For my frontend static website, I host on S3 and distribute using CF. I just use something simple like comodo SSL to generate an SSL cert and then go through the AWS ACM process to import the cert. All good.

But I realized all my API requests of course go to a Node.js server running somewhere else in the world on Heroku (ok, probably they host on AWS somewhere :P). So with my domain name being www.domain.com and SSL certified, pointing to d12345.cloudfront.net, and API requests hitting myapp.heroku.com, do I get a separate SSL on Heroku? Heroku has a tempting auto SSL feature for paid dynos, but I don't get if I need it or if I use my existing one for www.domain.com.

2 Answers 2


A server certificate is used to authenticate the target of the current request. This means that when accessing www.example.com the client expects to get a certificate valid for www.example.com. When accessing example.cloudfront.net the client expects to get a certificate valid for example.cloudfront.net.

The context of the request does not matter, i.e. if the request for example.cloudfront.net was caused by an XHR from the site served by www.example.com. All what matters is the target of the current request (example.cloudfront.net).

One could have a certificate which is valid for several targets at the same time (i.e. includes both www.example.com and example.cloudfront.net). But this requires that one actually owns and manages all these domains. In case of example.cloudfront.net or example.heroku.com this is not the case since these are owned and managed by third parties.

  • Hm. I still don't really understand. AWS S3 has this whole thing about "static sites require cloudfront for HTTPS", even though my s3 bucket was accessible via https.. Fine, I created a cloudfront dist. Cloudfront then provides ACM to create a free SSL, even though cloudfront is accessed via https already.. But I guess that's for the domain. Now Heroku also has SSL for paid dynos, yet free hobby dynos are only accessed via HTTPS anyways... I just feel lost. Commented Jan 31, 2021 at 1:41
  • @allthewayaround: It usually depends on the domain one want to use. If one is ok with the generic domain used by the vendor (i.e. vendor brand) then one can use it. If one wants to have something more clearly associated with a brand one also needs a new certificate for this - since the certificate must match the accessed domain as I explained. Commented Jan 31, 2021 at 6:57

It all depends on how you want your architecture to look like.

If you want both your UI and API to be hosted on the same domain (e.g. www.domain.com), then you can use one cloudfront distribution as your CDN, and you wouldn't need any additional certificates. Your API endpoints might look something like this www.domain.com/api/v1/endpoints. Cloudfront will act as a reverse-proxy to your API hosted on Heroku. You will configure DNS so that www.domain.com points to the cloudfront distribution.
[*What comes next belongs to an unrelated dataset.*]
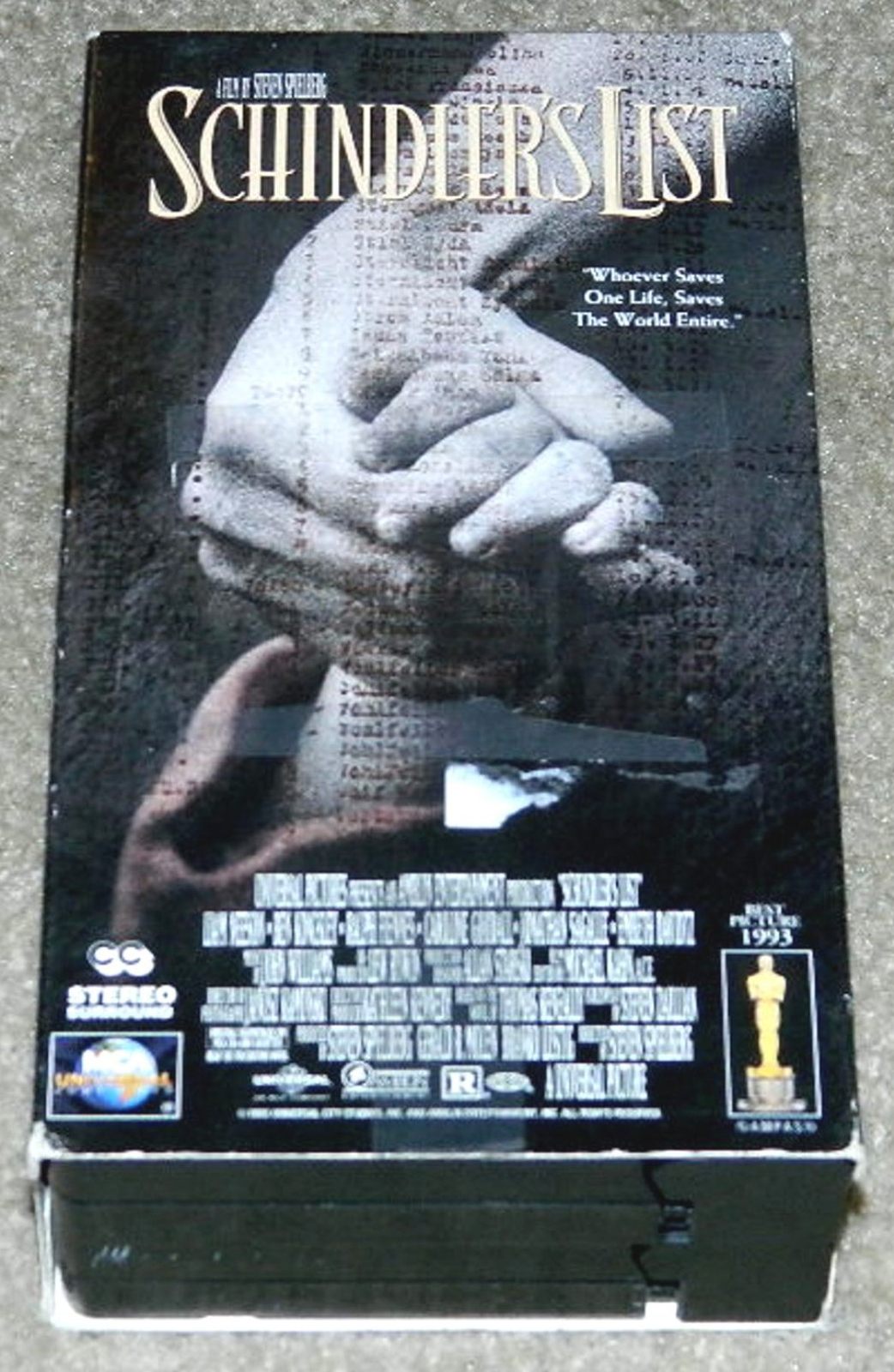 Schindler's List VHS Liam Neeson Ben Kingsley Ralph Fiennes VHS Tapes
On the other hand, if you wish your API to have a separate domain, (e.g. api.domain.com), then you'll need a separate certificate for it. In this case your API endpoints might look something like this api.domain.com/v1/endpoint. Here you'll need to configure DNS entry for api.domain.com to point to your Heroku app, and you'll need to have a certificate for api.domain.com present on the app.
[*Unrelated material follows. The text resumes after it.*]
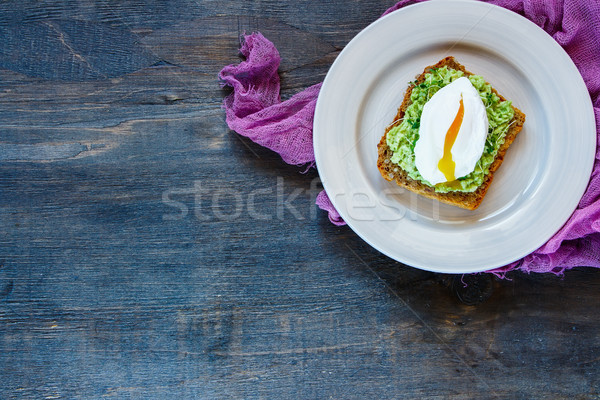 Plate with avocado sandwich Stock photo © YuliyaGontar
Another option is to get a wildcard certificate for your domain and use it across both services, but using the default certificate manager in AWS (which includes auto-renewal) seems more practical.

Finally there's no reason why you couldn't just use the default heroku endpoint, and let heroku take care of certificate renewal/generation for you. But you'll then have to start worrying about things like CORS.